→ WHAT THE TASK ASKS
Beginning with the line in which "Disque de Frein" appears, transcribe each line word for word until the records end. Do not include pictures.

┌────────

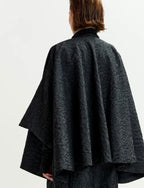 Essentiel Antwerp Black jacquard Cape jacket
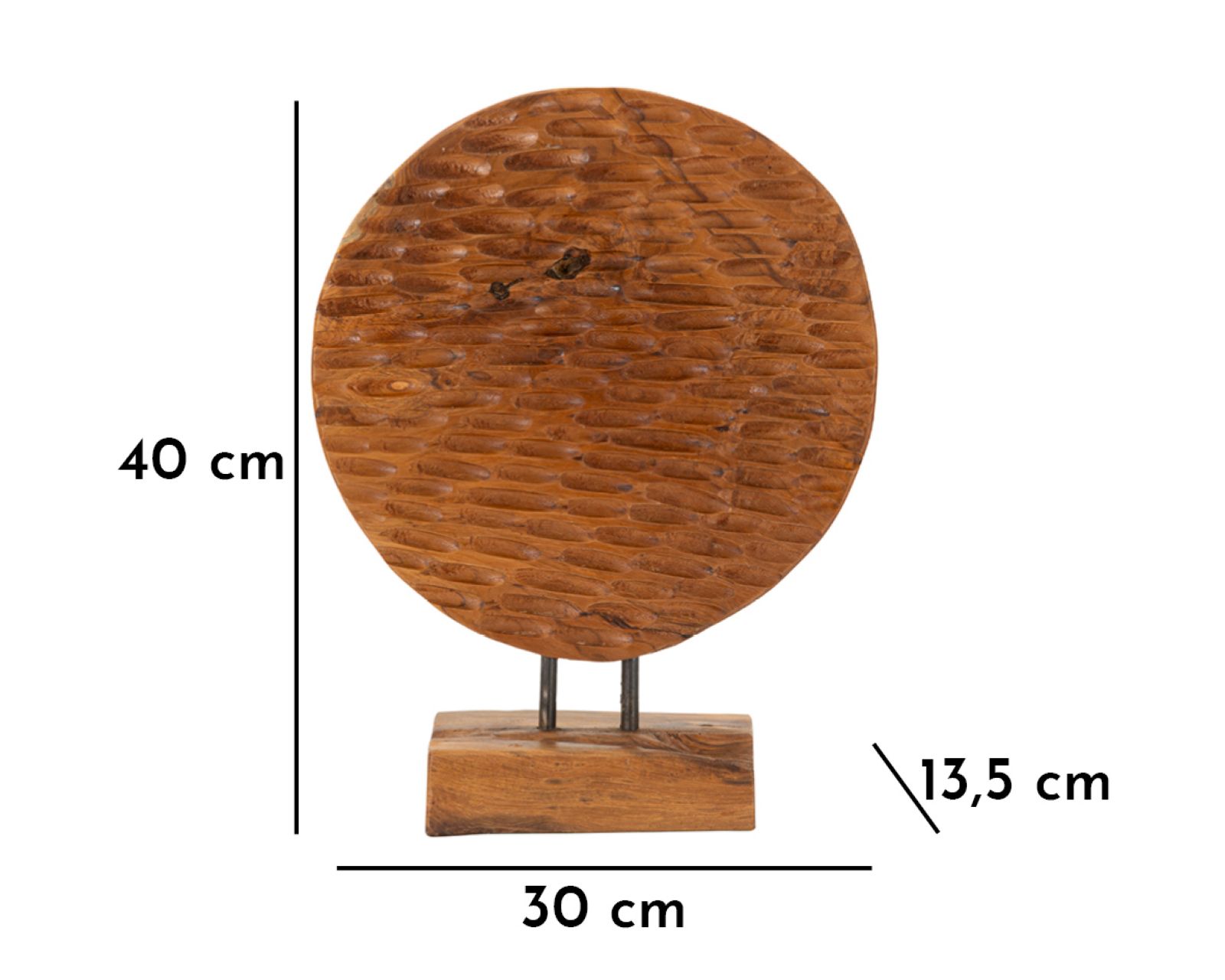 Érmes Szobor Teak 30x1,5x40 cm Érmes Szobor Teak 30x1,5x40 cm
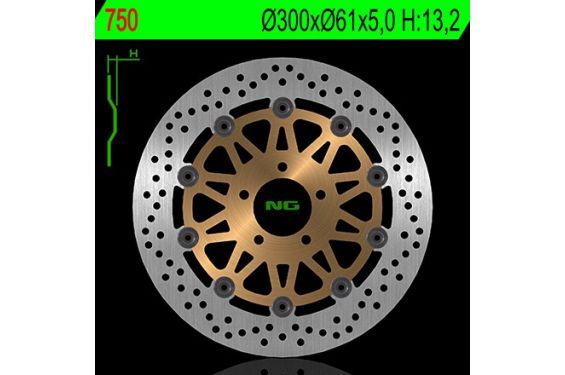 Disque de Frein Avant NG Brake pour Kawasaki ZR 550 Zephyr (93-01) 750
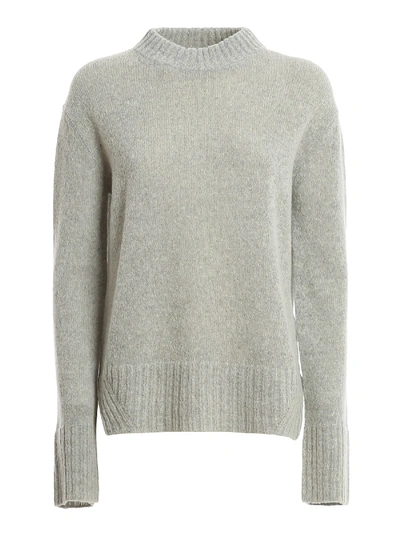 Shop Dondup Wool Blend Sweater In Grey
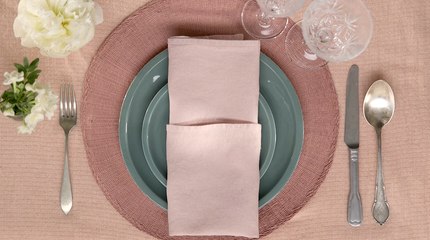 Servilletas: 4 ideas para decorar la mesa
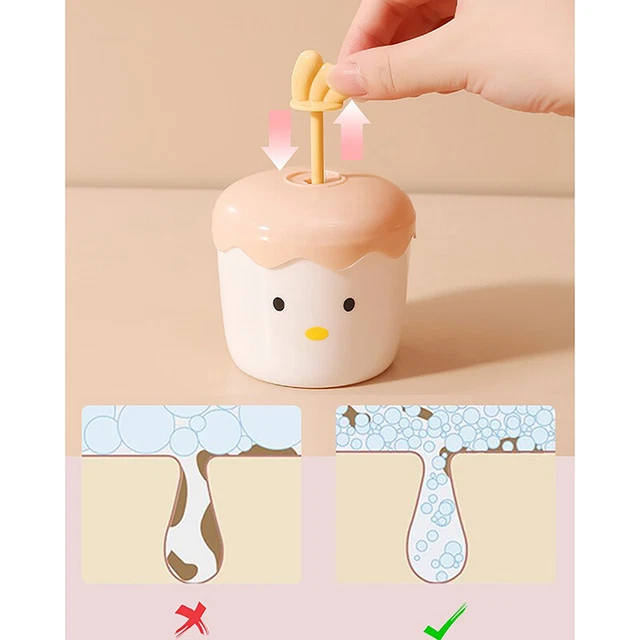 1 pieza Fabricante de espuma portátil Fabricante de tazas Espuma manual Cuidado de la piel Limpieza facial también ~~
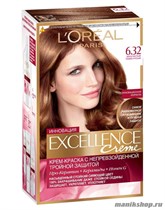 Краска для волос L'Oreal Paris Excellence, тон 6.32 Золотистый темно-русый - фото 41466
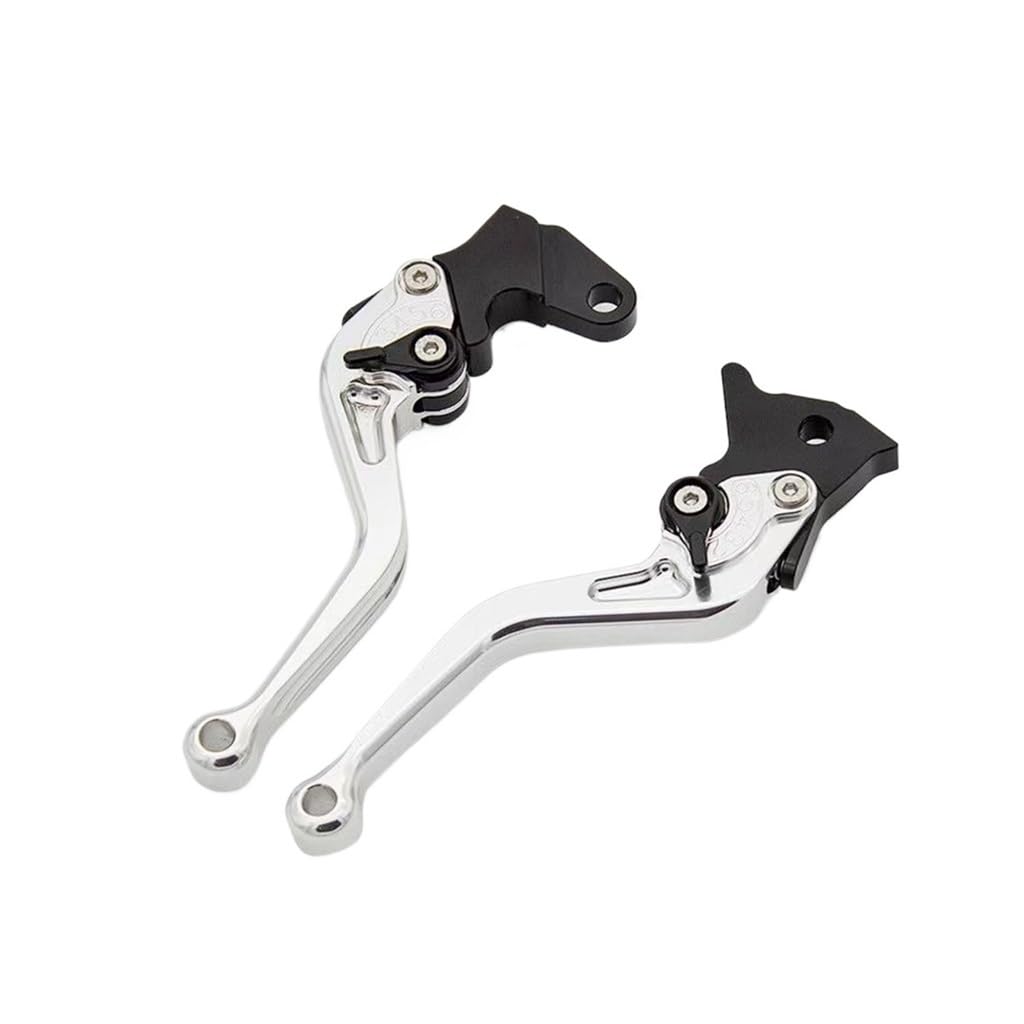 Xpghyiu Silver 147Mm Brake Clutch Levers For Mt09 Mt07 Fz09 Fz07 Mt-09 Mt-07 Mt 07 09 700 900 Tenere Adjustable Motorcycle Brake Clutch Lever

└────────

→ EXERCISE RESPONSE
 Disque de Frein Avant NG Brake pour Kawasaki ZR 550 Zephyr (93-01) 750
 Shop Dondup Wool Blend Sweater In Grey
 Servilletas: 4 ideas para decorar la mesa
 1 pieza Fabricante de espuma portátil Fabricante de tazas Espuma manual Cuidado de la piel Limpieza facial también ~~
 Краска для волос L'Oreal Paris Excellence, тон 6.32 Золотистый темно-русый - фото 41466
 Xpghyiu Silver 147Mm Brake Clutch Levers For Mt09 Mt07 Fz09 Fz07 Mt-09 Mt-07 Mt 07 09 700 900 Tenere Adjustable Motorcycle Brake Clutch Lever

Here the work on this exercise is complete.